El período de la República se caracterizó por un México en busca de estabilidad política tras la independencia. Este contexto influyó en la cocina, que evolucionaba manteniendo la riqueza de las tradiciones indígenas y la influencia europea que llegó durante la colonia.

Productos endémicos
El mole: Durante este período, el mole se reafirmó como uno de los platos nacionales más importantes. Cada región del país desarrolló sus propias versiones de mole, destacando el mole poblano y el mole negro de Oaxaca. Este platillo es un ejemplo de la complejidad de sabores mexicanos, con la combinación de chiles, especias, chocolate y otros ingredientes.
Tamales y tortillas: El maíz continuó siendo el principal alimento de la población mexicana, representado en la producción de tortillas y tamales, que se consumían diariamente.
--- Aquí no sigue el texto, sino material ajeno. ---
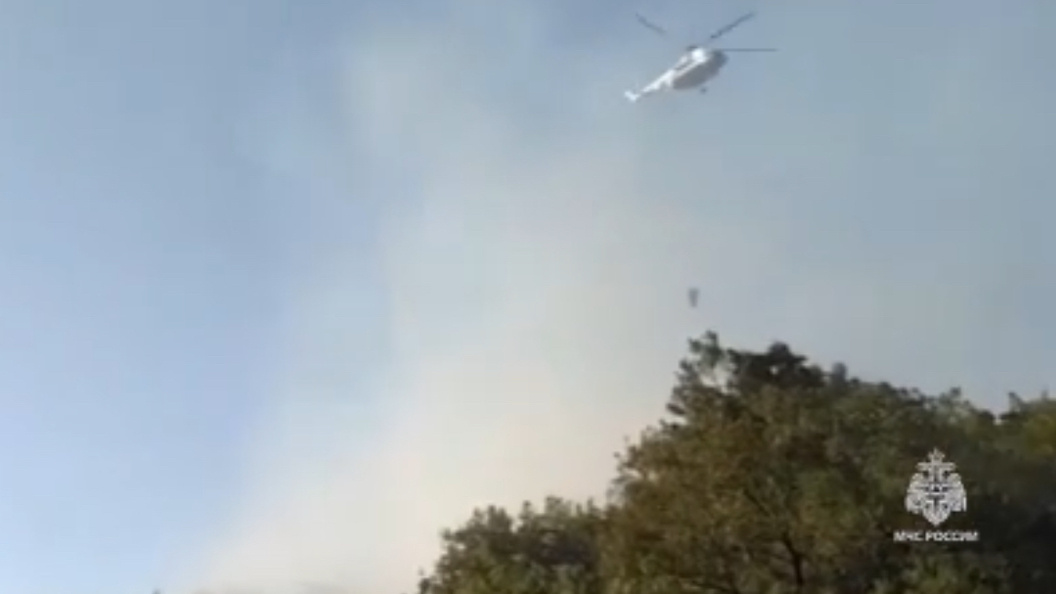    Фото: скрин видео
Estos alimentos conectaban al México republicano con sus raíces indígenas, y su producción artesanal era parte esencial de la dieta en todo el país.
Panes y dulces: La influencia de las panaderías de estilo europeo continuó en aumento, con panes como el bolillo y pan de dulce convirtiéndose en parte del desayuno o la cena tradicional. Los dulces como las natillas y las capuchinas también reflejaban la mezcla entre las tradiciones locales y europeas.